Welche Fertigungstechnik steckt hinter MoChi? Handelt es sich um TSVs (Through Silicon Vias) oder werden die Chips beispielsweise über Bonddrähte verbunden?
Wu: Wir entwickelten MoChi so, dass sie gegenüber diesen fortschrittlichen Packaging-Techniken agnostisch ist. Alle diese Verbindungstechniken können genutzt werden. Die elektrischen Charakteristika sind so ausgelegt, dass sie eine Menge Flexibilität einräumen. Sie können das Interface über eine Leiterplatte genauso betreiben wie innerhalb eines Gehäuses, wo die Chips dicht gepackt sind und über ein Substrat mit kurzen Entfernungen miteinander kommunizieren.
Mit MoChi können wir im Gegensatz zu komplizierten SoCs die Funktionen in wiederverwendbare Blöcke aufspalten, z.B. der CPU-Komplex wird zu einem Funktionsblock und mehrere Speicher-Peripherieschaltungen werden zu einem anderen. Weitere Funktionsblöcke umfassen Funkstandards wie WiFi oder Ethernet. Alle diese Funktionsblöcke lassen sich dann per MoChi im Daisy-Chain-Verfahren miteinander verbinden.
Wenn verschiedene Funktionen auf verschiedenen Chips implementiert werden, kann man den am besten geeigneten Halbleiterprozess für die jeweilige Funktion nutzen. Welche Rolle spielt dieser Aspekt bei MoChi?
Wu: Stimmt. Für den CPU-Komplex kann man den fortschrittlichsten Prozess wie 16 oder 14 nm FinFET nutzen, was zwar ziemlich teuer ist – aber wenn man die Leistung braucht? Jedoch für die Peripheriefunktionen wie Speicher-Controller oder WiFi kann man ältere Techniken nutzen und auch Chips wiederverwerten. Auf diese Art löst der MoChi-Ansatz die Problematik stetig steigender SoC-Kosten.
Was ist derzeit die fortschrittlichste Prozesstechnik, die Marvell nutzt?
Wu: Wir nutzen für unsere Armada-Prozessoren 16- und 14-nm-FinFET-Prozesse verschiedener Foundries.
Wann wird es kommerzielle Marvell-Produkte mit MoChi geben und für welche Anwendung?
Wu: Noch in diesem Jahr wollen wir Produkte mit MoChi auf den Markt bringen. Darunter sind Chips für den Internetzugang (Access Points), Drucker-SoCs sowie Prozessoren zur Steuerung von Speichern.

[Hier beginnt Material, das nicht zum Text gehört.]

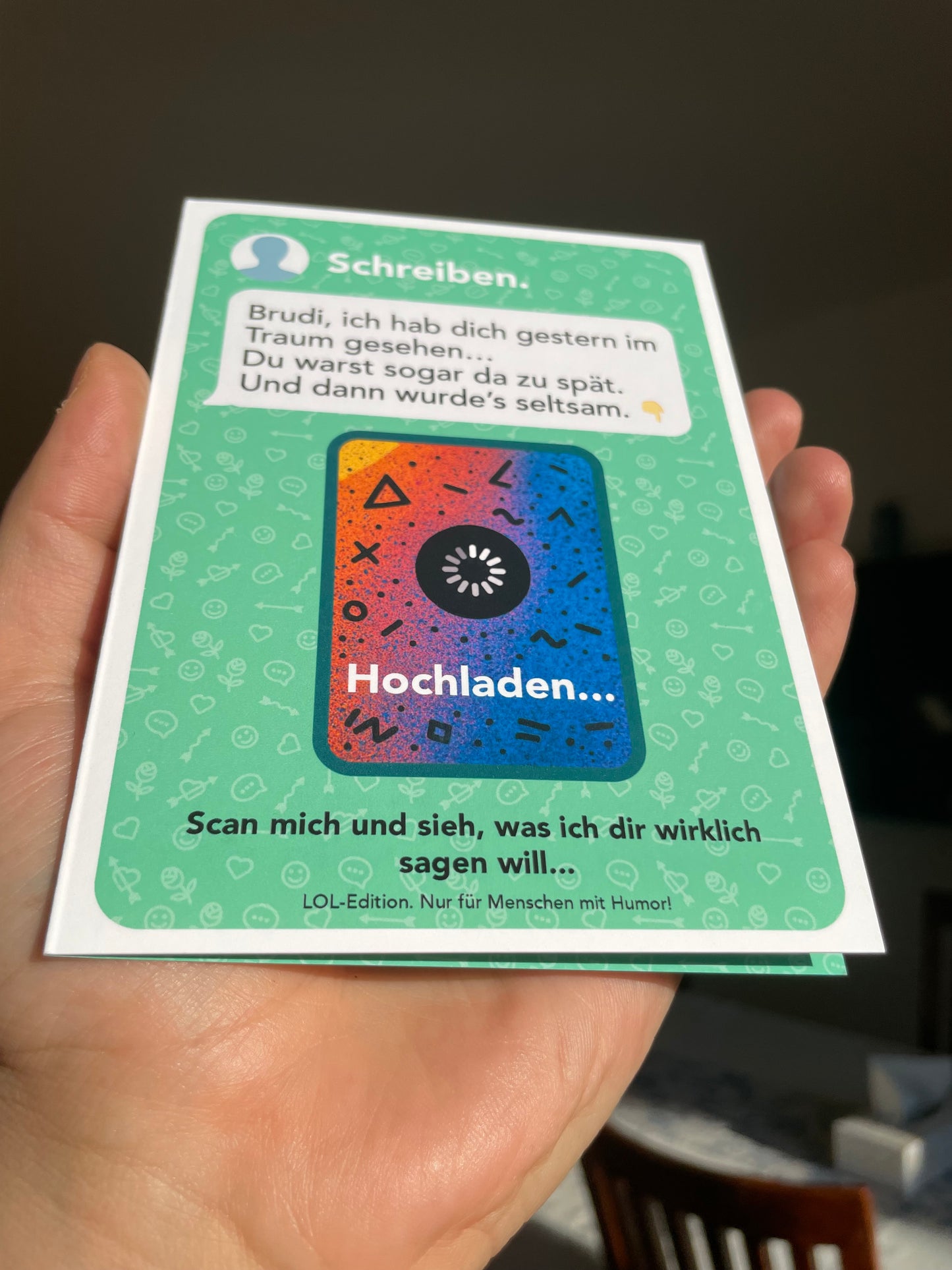 Beste Freunde verdienen mehr als Worte (LOL-edition) | AR-Karte mit Video zum Hochladen AR-Freundschaftskarte mit QR-Code | Sag, was wirklich zählt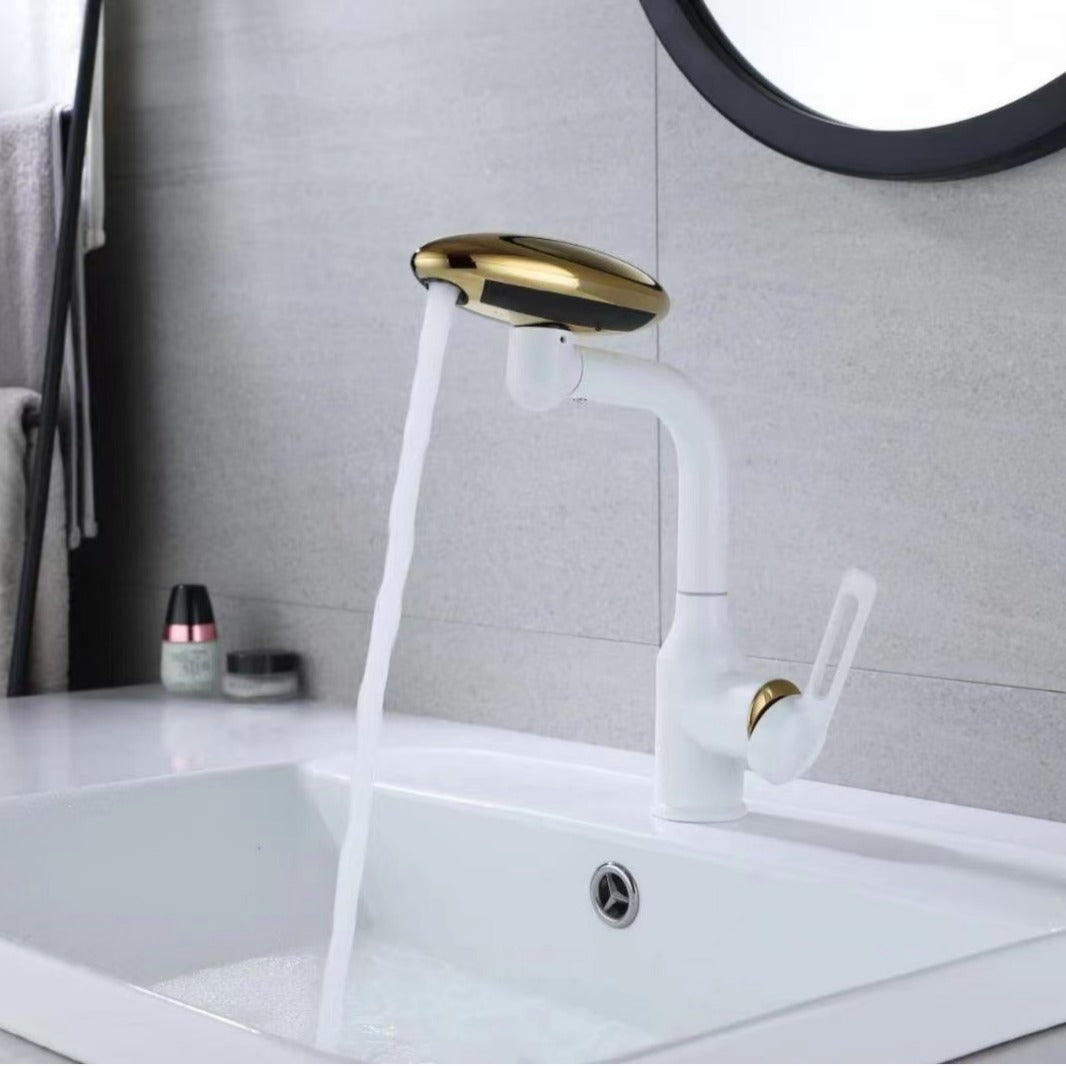 Homelody robinet rotatif à 720 degrés pour évier de salle de bain, robinet pivotant pour évier à 1 trou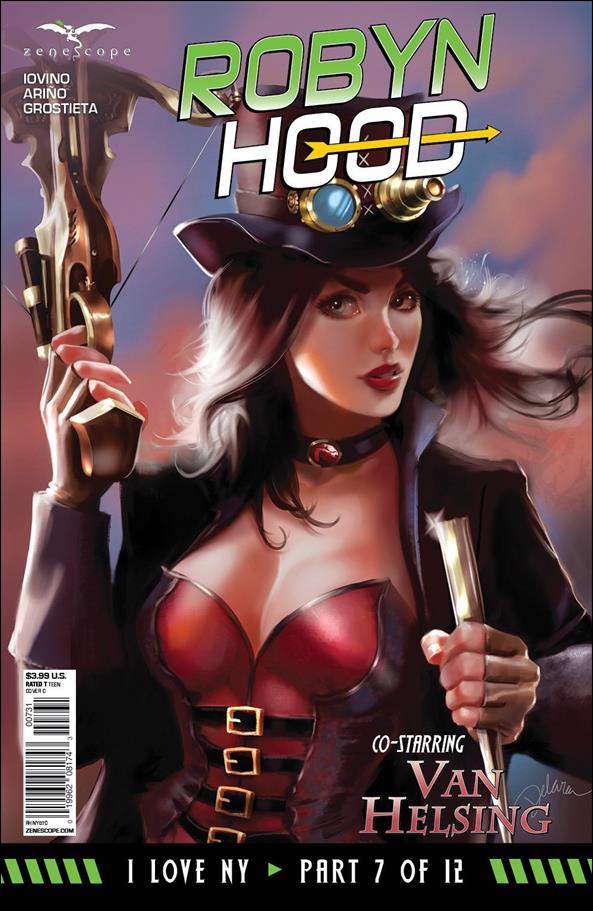 Robyn Hood: I Love NY issue 7-C Cris Delara Cover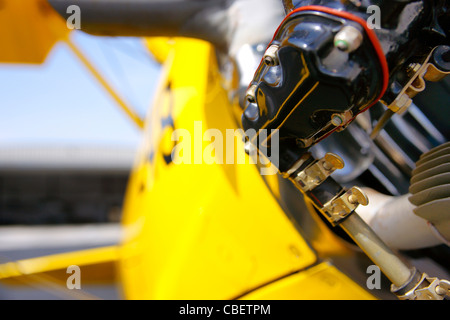 Boeing Stearman in Lake Havasu Stockfoto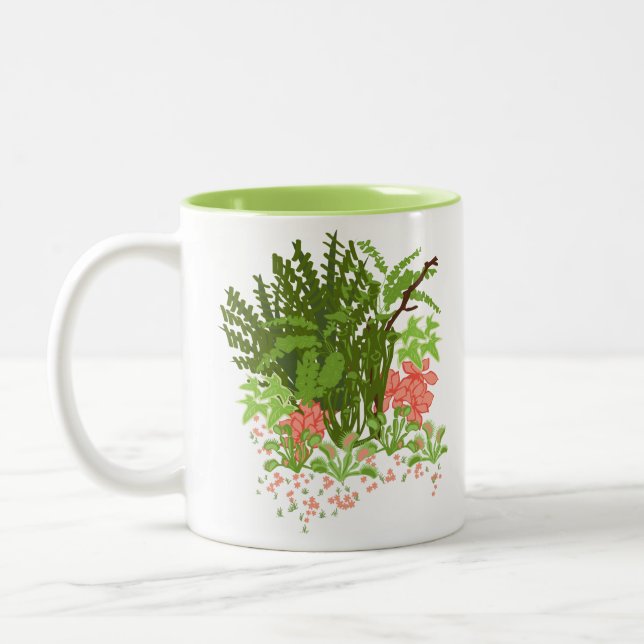 Fliegengarten Zweifarbige Tasse (Links)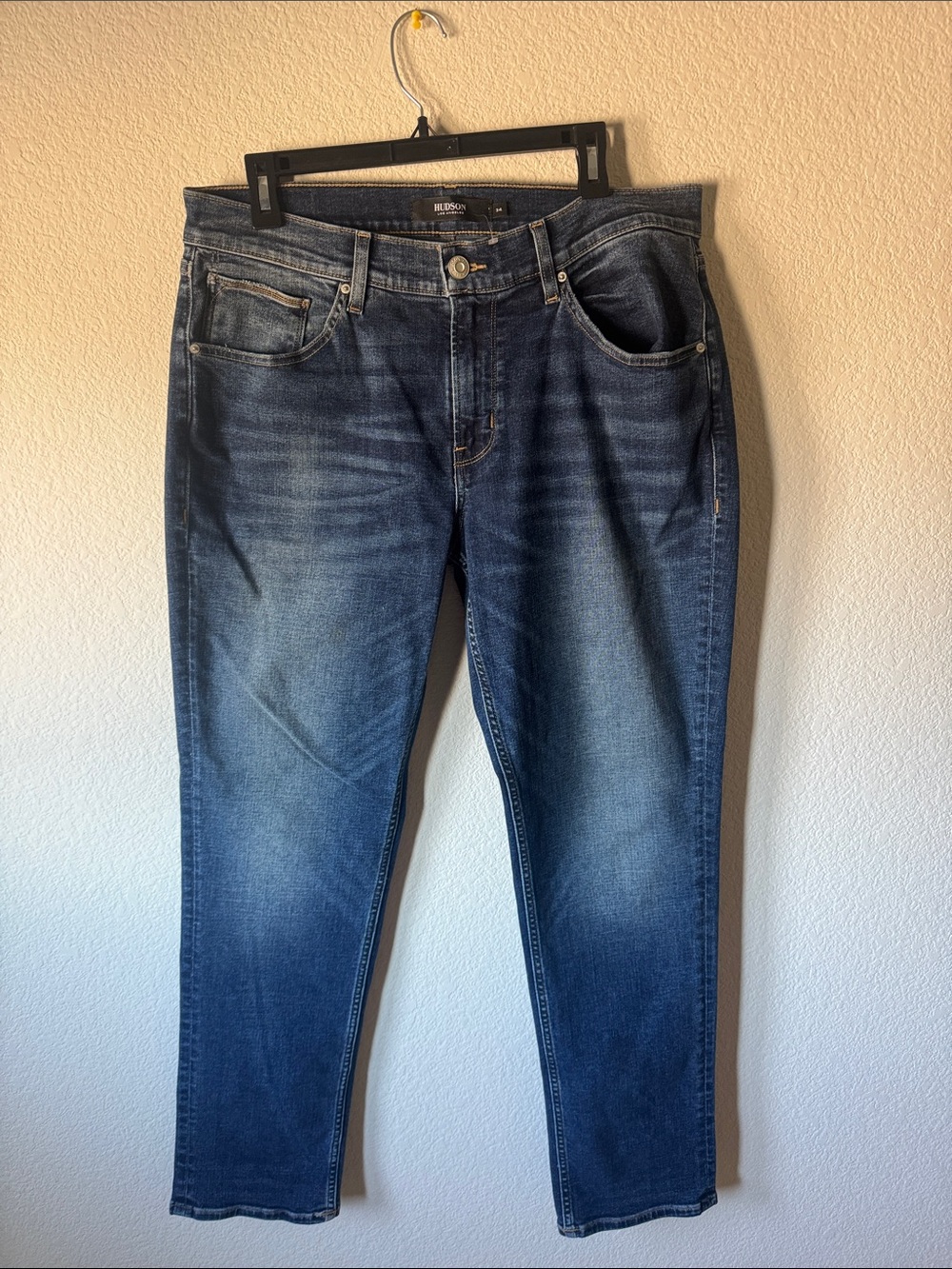 Hudson Jeans Men's Dark Blue Slim Straight Jeans
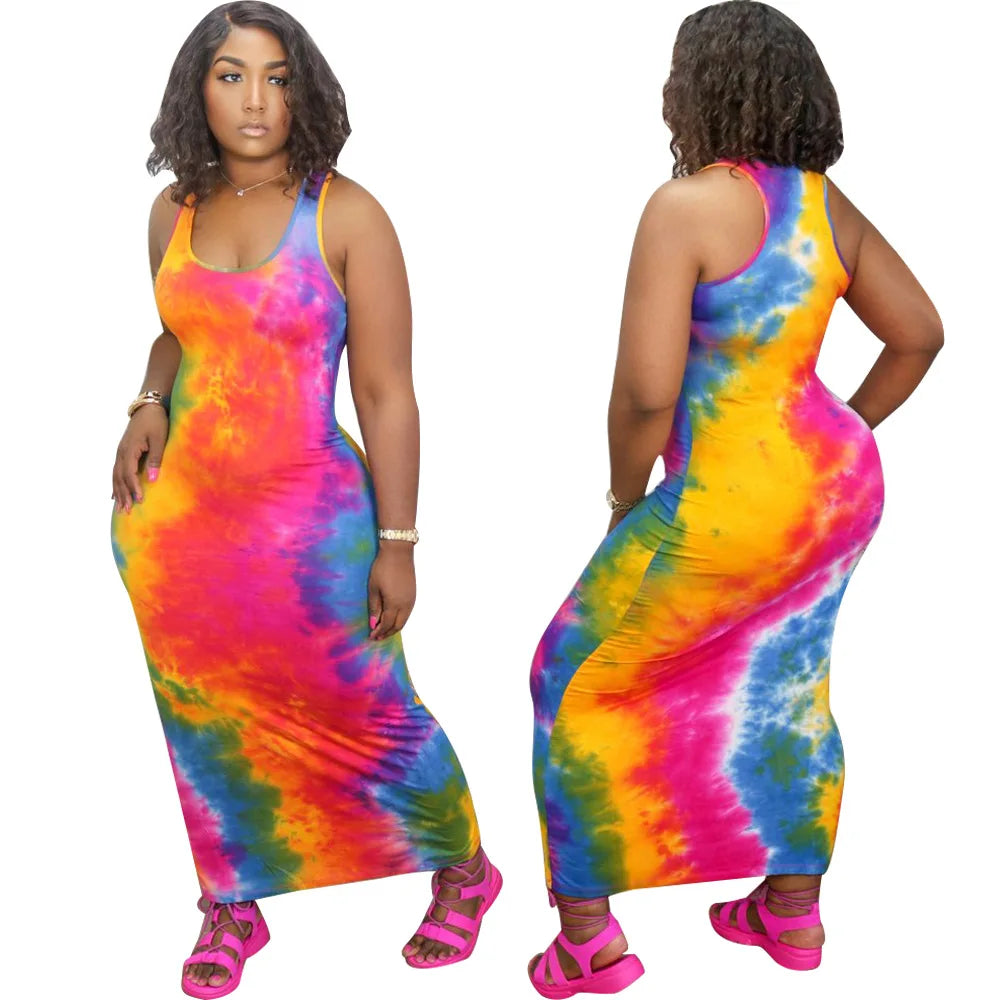Printed Long Summer Dress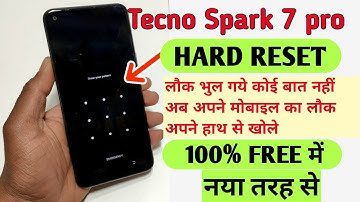 Tecno Spark 7 pro factory reset/tecno kf8 sactory reset-tecno spark 7 Hard reset/Tecno 7 pro  unlock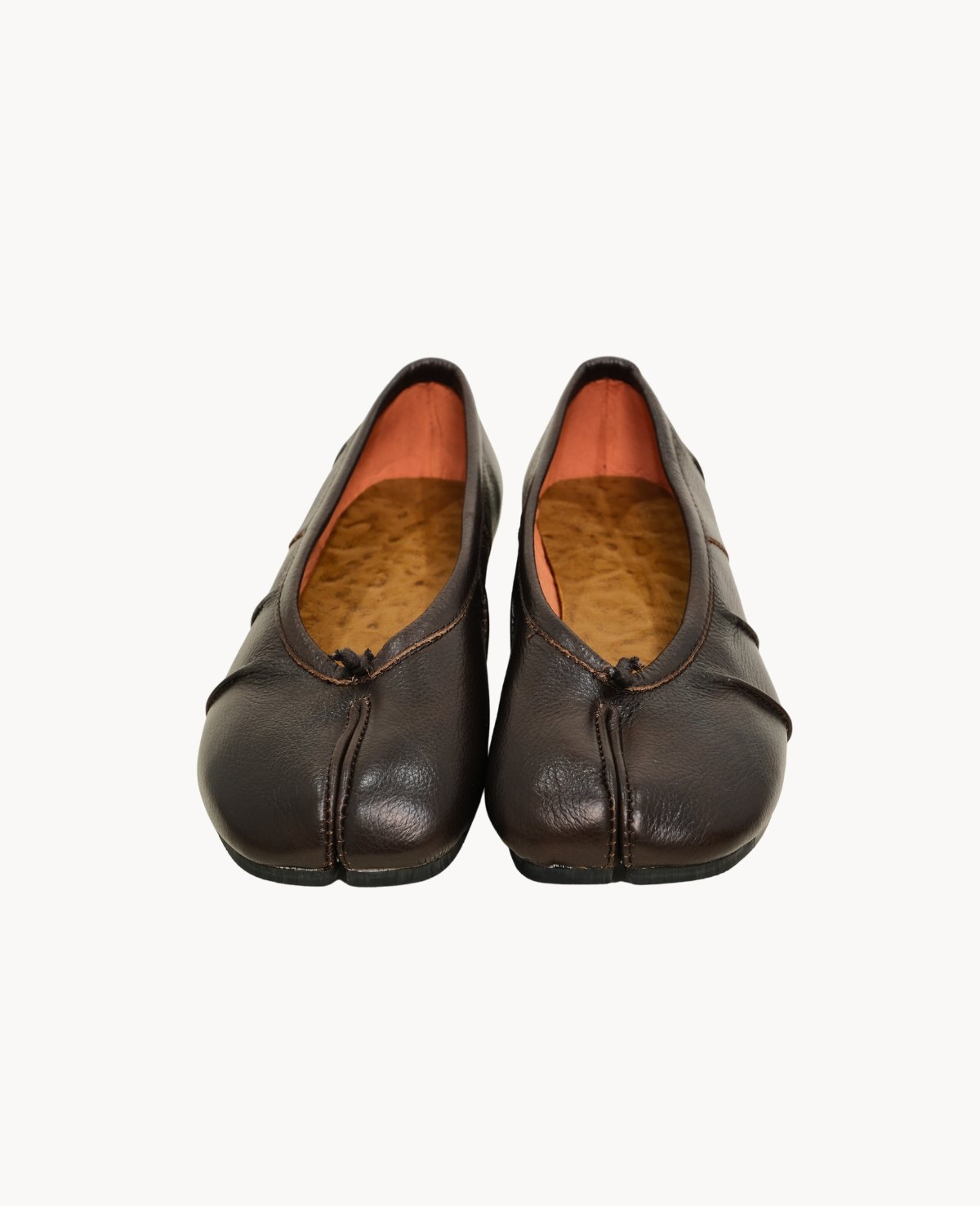 Dark Brown Gathered Tabi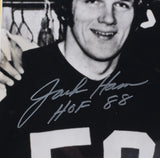 Jack Ham Jack Lambert Signed Framed 16x20 Steelers Photo HOF Inscribed JSA Holo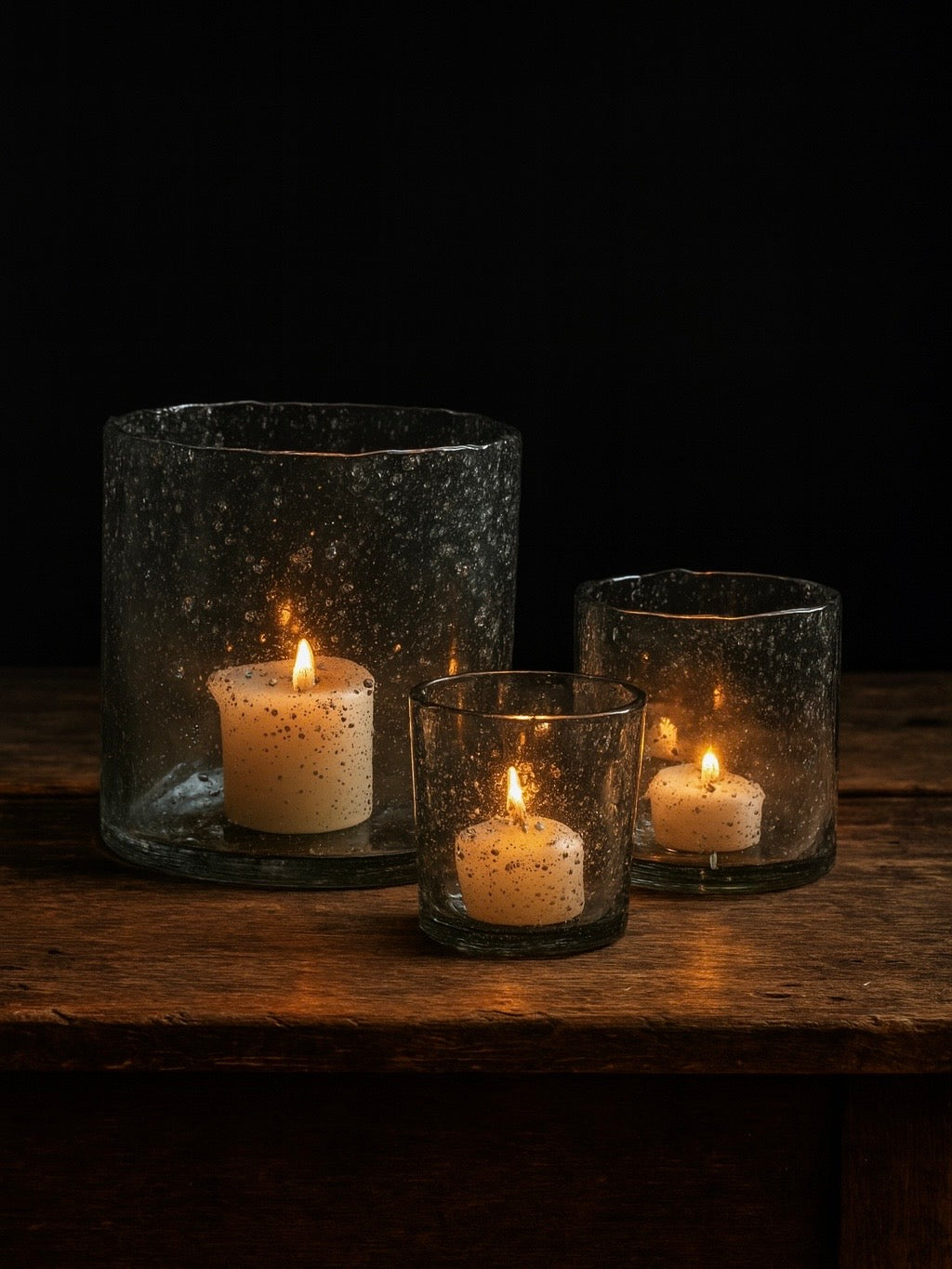candle holder tiny bubble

Über MoChi hinaus hat Dr. Sutardja mit der „Final Level Cache Architecture“ (FLC) auch eine neue Speicher-Hierarchie vorgeschlagen, die den klassischen Arbeitsspeicher – bestehend aus DRAMs – bis zum Faktor 10 reduzieren hilft. Was steckt dahinter?
Wu: Bei FLC handelt es sich um ein Cache-Verfahren, das eine Hardware Engine nutzt, um einen großen Cache zu verwalten. Wenn Sie sich klassische Computing-Systeme anschauen, dann werden von der CPU mehrere Cache-Ebenen – typischerweise bis zu drei – genutzt, bevor Daten aus dem Arbeitsspeicher geladen werden. Sehat Sutardja beobachtete, dass nur ein kleiner Teil von Anwendungscode im Arbeitsspeicher aktiv ist. Viele Prozesse ruhen, aber belegen Platz im DRAM. Seine Idee war nun, dass man diese inaktiven Prozesse in eine SSD (Solid State Disk) auslagern könnte, was deutlich billiger kommt. Nur die aktiven Code-Elemente werden im DRAM gehalten und der Arbeitsspeicher wird damit zum Cache der SSD.
Das heißt, dass Computersysteme künftig keine großen Arbeitsspeicher mehr brauchen?
Wu: Richtig, der Arbeitsspeicher wird durch einen im Vergleich zu typischen L1- oder L2-Caches sehr großen Cache ersetzt. Sie brauchen dann eine bestimmte Länge und Anzahl von Cache Lines. Es müssen genug Cache Lines sein, sodass kaum Cache Misses auftreten. In Software lässt sich ein solch großer Cache nicht sinnvoll verwalten. Deshalb haben wir eine Hardware Engine dafür entwickelt, die sich um die Suche, das Laden und das Löschen von Daten kümmert. So kommen wir mit einem viel kleineren DRAM aus als typische Arbeitsspeicher. Wir haben viele Tests unternommen und schaffen eine Cache-Miss-Rate von weniger als 0,1 Prozent.
Das gleiche Prinzip ist auf verschiedene Anwendungen übertragbar, beispielsweise bei der Steuerung von Massenspeichern. In Datenzentren lassen sich SSDs mit der FLC Engine als Cache für Festplattenspeicher verwenden.
Wie ist der Stand in der Entwicklung dieser FLC Engine?
Wu: Wir testen derzeit zwei Produkte in unseren Labors. Bei einem handelt es sich um ein Data-Storage-Produkt für hybride Massenspeicher, wo die SSD als Cache für Festplatten fungiert. So verhält sich eine 1-TB-Hybrid-Festplatte mit 32 GB SSD und 1-TB-Festplatte wie eine komplette 1-TB-SSD. Darüber hinaus setzen wir die FLC-Technik bei Applikationsprozessoren, z.B. in WiFi-Controllern, ein.